Anonymous’s repeated attacks on Donald Trump since December of 2015 have made hacker harassment a part of everyday conversation. Today, the United States Department of Justice handed down a sentence to a member of the Electronik Tribulation Army (ETA) that shows just how severe the punishment for those types of hacks can be.
Benjamin Earnest Nichols, a 37-year-old ETA member from Oklahoma City, pled guilty to intentionally causing damage with a distributed denial of service (DDoS) attack on mcgrewsecurity.com in 2010. Nichols hasn’t been sentenced yet, but faces a maximum of 10 years in federal prison and a $250,000 fine.
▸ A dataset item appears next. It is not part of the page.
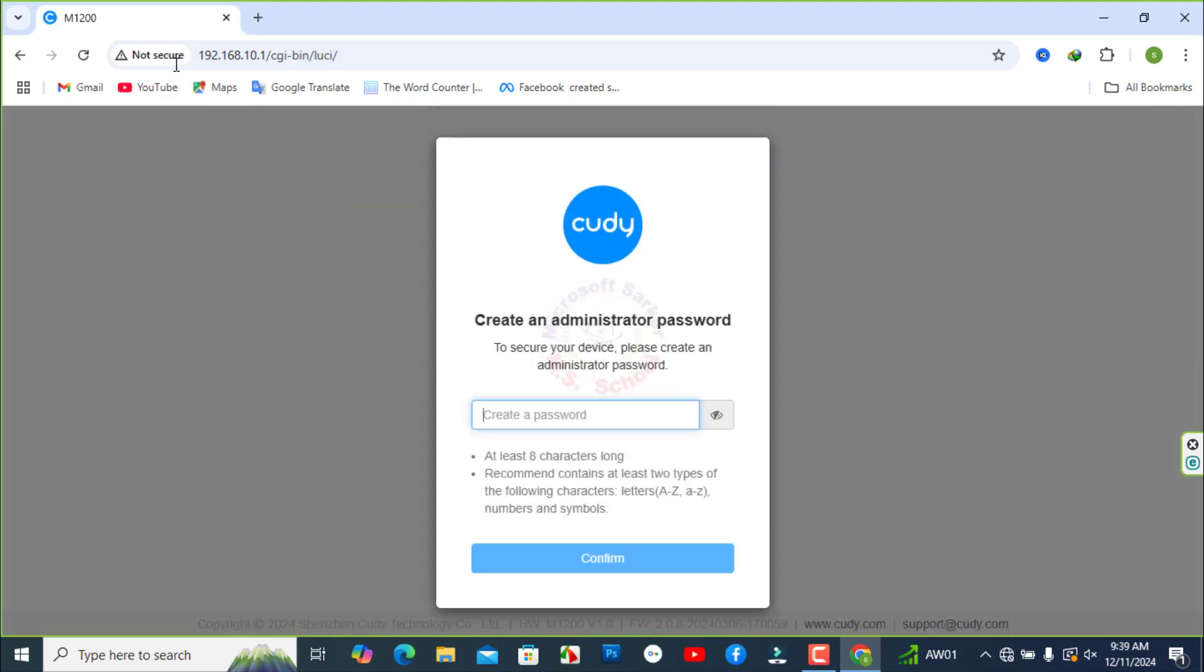Now create an admin password as a capital, small, and special letter with the number. Please give a like and comment down below if it worked. Don't forget to subscribe my channel.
It’s the DDoS attack that put Nichols in court, but the list of other things he admits to doing range from costly to downright dirty: causing $6,500 in losses to McGrew Security because of a downed website, making disparaging remarks and insulting McGrew (owner of the attacked website and security service), photoshopping images of McGrew, and sending sex toys to McGrew’s home. The exact type of sex toys were not mentioned in the U.S. Attorney’s Office press release. Regardless, it’s the type of behavior hacking groups have made a name doing. It’s also behavior that the U.S. DOJ plans on stopping.
McGrew became a target of the ETA because of his role in the arrest of Jesse McGraw, the leader of the hacker group, back in 2009. McGraw was arrested after he installed malware and a remote-access program on dozens of computers at the North Central Medical Plaza in Dallas. He planned to use the medical computers for a DDoS attack on a rival hacker group, but was stopped before anything came of his tampering. He was sentenced to nine years in federal prison in 2011.
It was one of the first major cybercrime sentences given, and the hacking community still mentions the decision’s importance.
After McGraw’s arrest, Nichols and two other ETA members turned their eyes on McGrew.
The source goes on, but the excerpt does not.